South African Mine Deaths Fall to Lowest on RecordPublished by MAC on 2009-01-26
Mine deaths in South Africa, the world's largest precious metals producer, fell 23 percent last year to the lowest since records began in 1904, after the government started temporarily closing mines, a labor union said.
While the decline to 170 deaths is "significant," it is "still not a cause for celebration," the Johannesburg-based National Union of Mineworkers, which produced the statistics, said today in an e-mailed statement. The government has yet to issue the official death toll.
Inspectors started suspending operations at most mines that recorded a fatal accident after the death toll rose to 221 in 2007, the first increase since 2002. In October 2007, a nationwide safety audit was ordered by the national president after more than 3,000 workers were temporarily trapped underground at Harmony Gold Mining Co.'s Elandsrand mine. Workers last year started holding a day of mourning after most deaths.

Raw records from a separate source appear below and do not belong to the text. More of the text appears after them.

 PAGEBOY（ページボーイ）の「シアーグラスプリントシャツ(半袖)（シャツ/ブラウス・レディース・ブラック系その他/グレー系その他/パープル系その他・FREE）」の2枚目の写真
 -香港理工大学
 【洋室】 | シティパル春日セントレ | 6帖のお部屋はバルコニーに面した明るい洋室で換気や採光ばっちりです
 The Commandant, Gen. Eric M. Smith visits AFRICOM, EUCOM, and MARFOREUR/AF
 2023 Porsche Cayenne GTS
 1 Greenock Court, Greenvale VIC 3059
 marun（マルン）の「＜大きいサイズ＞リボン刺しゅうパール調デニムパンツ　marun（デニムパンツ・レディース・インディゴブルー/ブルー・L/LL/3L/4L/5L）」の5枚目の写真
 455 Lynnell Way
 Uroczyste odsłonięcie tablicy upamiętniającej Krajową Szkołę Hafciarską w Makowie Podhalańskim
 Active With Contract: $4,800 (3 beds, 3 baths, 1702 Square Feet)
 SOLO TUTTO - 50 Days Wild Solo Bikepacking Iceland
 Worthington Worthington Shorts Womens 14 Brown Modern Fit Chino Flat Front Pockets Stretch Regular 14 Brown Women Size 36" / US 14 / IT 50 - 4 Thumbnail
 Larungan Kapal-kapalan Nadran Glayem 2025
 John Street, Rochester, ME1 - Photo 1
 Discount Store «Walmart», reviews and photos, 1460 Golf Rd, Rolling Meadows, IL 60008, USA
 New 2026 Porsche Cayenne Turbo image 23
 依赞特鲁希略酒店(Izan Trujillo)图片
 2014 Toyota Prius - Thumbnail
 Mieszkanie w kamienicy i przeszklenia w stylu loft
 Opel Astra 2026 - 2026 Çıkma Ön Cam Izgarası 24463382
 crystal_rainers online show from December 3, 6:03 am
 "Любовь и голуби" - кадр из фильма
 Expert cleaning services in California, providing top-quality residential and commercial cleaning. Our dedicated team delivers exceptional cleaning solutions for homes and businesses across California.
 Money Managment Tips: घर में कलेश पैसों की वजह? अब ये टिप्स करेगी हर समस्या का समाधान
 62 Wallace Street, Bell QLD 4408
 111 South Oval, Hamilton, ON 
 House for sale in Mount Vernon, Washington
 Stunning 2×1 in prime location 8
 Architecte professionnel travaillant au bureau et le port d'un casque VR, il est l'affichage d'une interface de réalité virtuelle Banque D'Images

AngloGold Ashanti Ltd. made "history" by achieving a fatality-free quarter last year, Sietse van der Woude, a safety specialist at the Chamber of Mines, which represents most mining companies that operate in the country, said from Johannesburg today. AngloGold's Savuka mine is the deepest in the world at 2.35 miles (3.8 kilometers).
Over the past century more than 54,000 miners have been killed in South Africa's gold mines, which are the deepest and amongst the most dangerous in the world. During white rule, which ended in 1994, companies took advantage of cheap black labor meaning that today South African mines use more workers than many of their counterparts elsewhere.
Official government records, kept by the Department of Minerals and Energy, started in 1904 when 382 gold miners were killed.
In last year's worst accident, nine workers fell 58 meters (190 feet) to their deaths at Gold Fields Ltd.'s South Deep mine on May 1. Gold Fields said a lift known as a cage, used in South African mines to transport workers down shafts that can be more than two miles (3.2
kilometers) deep, fell when a cable snapped.
In 1995, in the worst post-apartheid gold industry accident, 105 workers plunged more than 2 kilometers to their deaths at the Vaal Reefs Mine, then operated by a unit of Anglo American Plc, after a cable supporting a cage was severed by a runaway ore train.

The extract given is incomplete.